質問主意書

第163回国会(特別会)

答弁書


答弁書第一○号

内閣参質一六三第一○号
  平成十七年十月二十一日
内閣総理大臣 小泉 純一郎   


       参議院議長 扇 千景 殿

参議院議員藤末健三君提出集団的自衛権行使の法律による容認に関する質問に対し、別紙答弁書を送付する。

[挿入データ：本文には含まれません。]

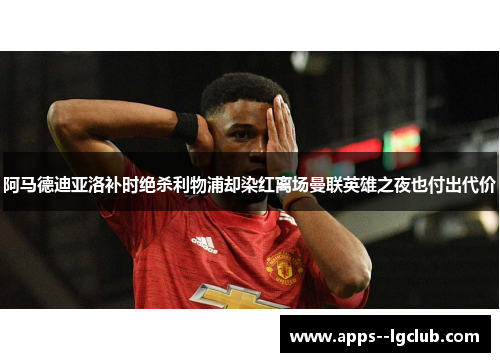 阿马德迪亚洛补时绝杀利物浦却染红离场曼联英雄之夜也付出代价 阿马德迪亚洛补时绝杀利物浦却染红离场曼联英雄之夜也付出代价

   参議院議員藤末健三君提出集団的自衛権行使の法律による容認に関する質問に対する答弁書

一について

 お尋ねは、仮定に係る問題であるが、憲法の規定の解釈に密接な関係のある内容を含む議員の提案に係る立法については、一般論として次のように考えている。
 すなわち、憲法の規定の解釈に密接な関係のある内容を含む法案であれば、成立に至るまでの国会の審議の過程で、当該法案の前提となる憲法の規定の解釈に関し、当該規定の文言、趣旨との整合性、当該規定の立案者の意図、立案の背景となった社会情勢、さらには国会において積み重ねられてきた当該規定の解釈をめぐる議論との関係等について十分な議論が行われ、これらの点につき国民に十分説明された上で当該法律が成立することとなると考えられ、また、その過程で、議院内閣制の下、法律の執行に当たる政府の意見も十分に聴取されることが期待される。政府としては、国会が制定した法律について、これを誠実に執行することは当然である。

二について

 我が国が国際法上集団的自衛権を有していることは、主権国家である以上は当然であるが、憲法には集団的自衛権の保有それ自体について言及する規定は存在せず、かねて述べてきたとおり憲法第九条の下においては集団的自衛権を行使することはできないと解される以上、この権利をあたかも保有していないのと同じであって、我が国が憲法上集団的自衛権を保有しているかどうかは、いわば観念的な議論であると言わざるを得ない。そこで、政府としては、集団的自衛権については、憲法上行使できず、その意味において、保有していないといっても結論的には同じであると考えているところである。